The future of interest rates is more surprises

24 Nov 2023
Interest rate

LONDON, Nov 24 (Reuters Breakingviews) - Central bankers and market practitioners were clearly wrong-footed by the recent rise in interest rates. “Lower for longer” was the mantra until a few years ago. Then came “higher for longer” and now possibly “lower slightly sooner than expected". Observing these oscillating forecasts, a bystander might conclude that nobody knows anything about the future direction of interest rates. And that’s how it is.

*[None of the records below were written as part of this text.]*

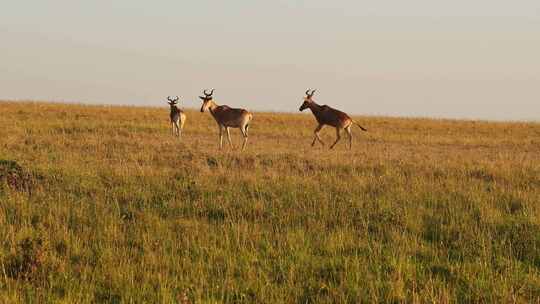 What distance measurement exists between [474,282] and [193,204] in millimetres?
4279

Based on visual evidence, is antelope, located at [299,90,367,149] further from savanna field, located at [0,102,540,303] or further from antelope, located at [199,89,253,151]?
savanna field, located at [0,102,540,303]

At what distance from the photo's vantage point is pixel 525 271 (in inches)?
215

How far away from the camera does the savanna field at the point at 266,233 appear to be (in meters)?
4.84

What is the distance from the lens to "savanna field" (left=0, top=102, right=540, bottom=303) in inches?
191

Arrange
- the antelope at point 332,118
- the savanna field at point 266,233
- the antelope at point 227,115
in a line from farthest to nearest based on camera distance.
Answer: the antelope at point 332,118, the antelope at point 227,115, the savanna field at point 266,233

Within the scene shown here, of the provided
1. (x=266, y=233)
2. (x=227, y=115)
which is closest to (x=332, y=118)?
(x=227, y=115)

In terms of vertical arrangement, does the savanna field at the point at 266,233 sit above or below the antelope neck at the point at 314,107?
below

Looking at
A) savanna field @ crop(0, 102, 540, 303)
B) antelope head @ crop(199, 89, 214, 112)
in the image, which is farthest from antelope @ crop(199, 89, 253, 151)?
savanna field @ crop(0, 102, 540, 303)

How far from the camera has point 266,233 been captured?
21.5 feet

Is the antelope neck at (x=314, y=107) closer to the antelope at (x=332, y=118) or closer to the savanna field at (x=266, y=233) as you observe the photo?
the antelope at (x=332, y=118)

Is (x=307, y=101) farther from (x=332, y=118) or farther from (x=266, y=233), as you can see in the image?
(x=266, y=233)

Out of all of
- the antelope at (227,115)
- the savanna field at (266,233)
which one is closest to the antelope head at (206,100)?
the antelope at (227,115)

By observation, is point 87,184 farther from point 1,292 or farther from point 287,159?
point 287,159

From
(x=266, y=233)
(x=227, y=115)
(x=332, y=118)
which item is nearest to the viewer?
(x=266, y=233) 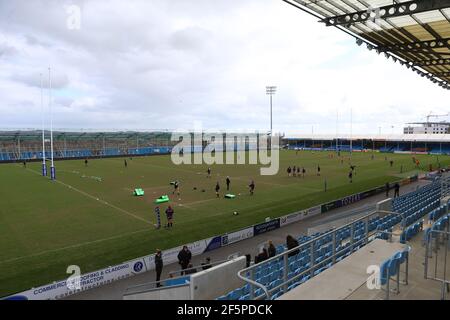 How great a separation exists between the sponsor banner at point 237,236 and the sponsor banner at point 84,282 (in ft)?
15.2

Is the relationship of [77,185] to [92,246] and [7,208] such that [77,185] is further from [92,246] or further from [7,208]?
[92,246]

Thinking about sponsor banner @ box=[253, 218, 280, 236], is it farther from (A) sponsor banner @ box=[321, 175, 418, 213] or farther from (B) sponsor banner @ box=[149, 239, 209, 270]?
(A) sponsor banner @ box=[321, 175, 418, 213]

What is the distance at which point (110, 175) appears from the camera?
4525 cm

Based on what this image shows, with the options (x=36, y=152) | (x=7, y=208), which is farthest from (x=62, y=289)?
(x=36, y=152)

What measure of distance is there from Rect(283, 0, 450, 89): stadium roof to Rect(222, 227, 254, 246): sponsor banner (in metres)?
11.1

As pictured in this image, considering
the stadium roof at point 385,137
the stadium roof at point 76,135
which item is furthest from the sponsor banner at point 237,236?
the stadium roof at point 385,137

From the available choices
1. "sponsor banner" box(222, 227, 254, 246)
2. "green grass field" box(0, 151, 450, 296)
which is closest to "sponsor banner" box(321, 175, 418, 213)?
"green grass field" box(0, 151, 450, 296)

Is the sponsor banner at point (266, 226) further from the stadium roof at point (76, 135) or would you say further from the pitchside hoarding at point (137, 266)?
the stadium roof at point (76, 135)

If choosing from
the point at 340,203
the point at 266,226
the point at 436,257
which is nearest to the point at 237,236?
the point at 266,226

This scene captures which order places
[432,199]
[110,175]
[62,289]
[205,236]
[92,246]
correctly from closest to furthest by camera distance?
[62,289], [92,246], [205,236], [432,199], [110,175]

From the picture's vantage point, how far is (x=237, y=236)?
1853cm

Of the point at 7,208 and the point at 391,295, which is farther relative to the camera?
the point at 7,208

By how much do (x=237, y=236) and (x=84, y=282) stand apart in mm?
8042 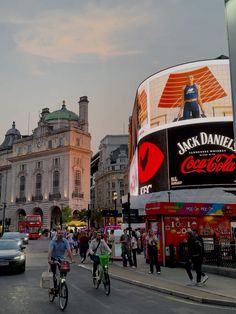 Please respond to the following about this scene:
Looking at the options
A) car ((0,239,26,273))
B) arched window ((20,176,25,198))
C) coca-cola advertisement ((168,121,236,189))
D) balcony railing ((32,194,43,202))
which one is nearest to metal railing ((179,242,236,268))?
car ((0,239,26,273))

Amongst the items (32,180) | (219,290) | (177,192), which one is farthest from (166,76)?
(32,180)

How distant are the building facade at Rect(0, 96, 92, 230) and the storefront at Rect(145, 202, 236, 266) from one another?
67197 mm

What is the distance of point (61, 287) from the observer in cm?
961

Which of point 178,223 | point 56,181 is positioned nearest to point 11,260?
point 178,223

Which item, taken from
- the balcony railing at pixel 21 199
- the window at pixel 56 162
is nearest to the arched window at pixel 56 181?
the window at pixel 56 162

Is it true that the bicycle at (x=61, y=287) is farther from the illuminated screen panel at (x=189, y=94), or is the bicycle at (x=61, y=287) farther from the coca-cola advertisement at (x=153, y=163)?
the illuminated screen panel at (x=189, y=94)

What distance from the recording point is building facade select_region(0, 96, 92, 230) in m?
89.9

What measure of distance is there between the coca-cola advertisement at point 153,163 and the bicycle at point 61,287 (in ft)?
96.3

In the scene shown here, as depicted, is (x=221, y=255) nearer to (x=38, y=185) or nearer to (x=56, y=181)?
(x=56, y=181)

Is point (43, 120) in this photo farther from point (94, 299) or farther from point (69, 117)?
point (94, 299)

Two years ago, the U.S. Federal Reserve’s interest-rate setting committee projected that the federal funds rate would be in the range of 1.1% to 2.1% by 2023. Today the rate is above 5%. Central bank models attempt to divine what is known as the natural or equilibrium rate of interest: the level that allows an economy to reach its growth potential without sparking inflation. After the financial crisis of 2008, inflation disappeared and economic growth slowed, so the models concluded that the natural rate had dropped.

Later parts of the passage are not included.